Thursday, July 26, 2012

My Heartache: A Case Study

Maus is the dog that should have been perfect and wasn’t. I’ve long ago let go of any sorrow I may have felt about not getting the dog I wanted, because the dog I got was so much . . . more. Each accomplishment we’ve made is that much sweeter because of the obstacles we’ve overcome. Every failure, so poignant because of the severity of his issues.

I should have known he wasn’t right the moment he stepped in my door on Aug 23, 2008 – or didn’t step in, as the case may be. I mean, what kind of pit bull is afraid of cats? The first years were the hardest, partially because of the frequency with which he developed new phobias, and partially because of his unpredictability. Fire hydrants, garbage cans, plastic bags, the sun roof in my car, and paper towels are only a few of the fears we struggled with in the beginning.
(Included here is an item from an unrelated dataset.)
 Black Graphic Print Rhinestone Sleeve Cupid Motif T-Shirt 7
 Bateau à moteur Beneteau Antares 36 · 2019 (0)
But the worse was people. Pit bulls are suppose to be sweet, friendly, social dogs, and at best, Maus seemed to wish that everyone would just fall off the planet. At worse, he growled, cowered, and on a few occasions, snapped at people. Scariest for me was that I could not find any consistent quality that would set him off. I had no idea who he would react at and who he'd tolerate. To be honest, I hope it always scares me - I hope that I never take for granted to awesome responsibility that is owning a dog like Maus.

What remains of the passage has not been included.